Data for analysis =>
----
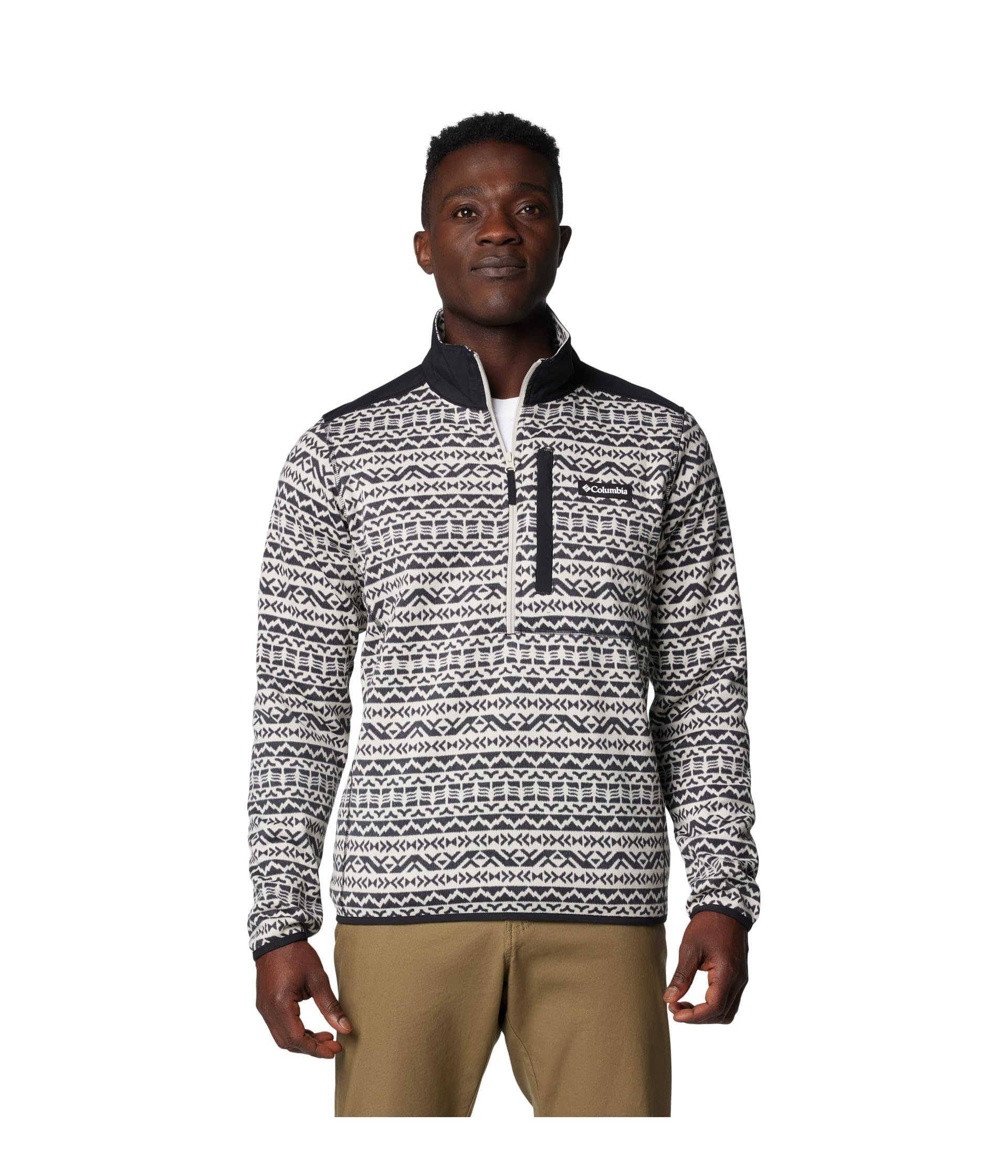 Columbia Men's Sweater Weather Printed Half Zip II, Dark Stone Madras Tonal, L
----
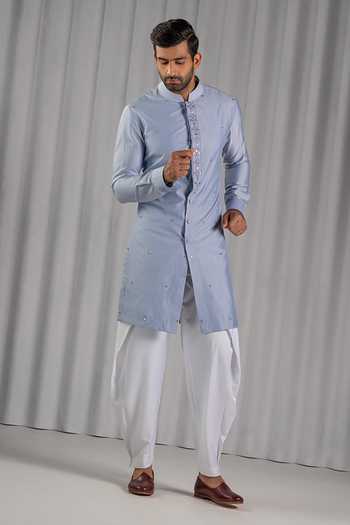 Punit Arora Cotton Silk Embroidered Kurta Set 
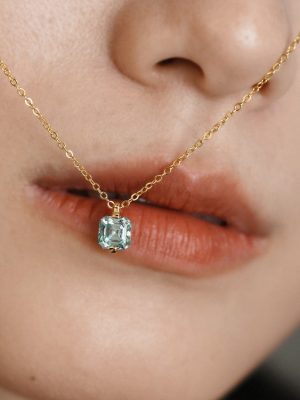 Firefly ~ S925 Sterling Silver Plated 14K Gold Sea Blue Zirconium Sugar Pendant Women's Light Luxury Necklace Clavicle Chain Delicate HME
----
Problem statement => Beginning at the line above that contains "Punit Arora Cotton" and going on through the line that contains "Firefly ~ S925", please copy every line exactly, leaving the pictures out and adding nothing.

Expected output =>
 Punit Arora Cotton Silk Embroidered Kurta Set 
 Firefly ~ S925 Sterling Silver Plated 14K Gold Sea Blue Zirconium Sugar Pendant Women's Light Luxury Necklace Clavicle Chain Delicate HME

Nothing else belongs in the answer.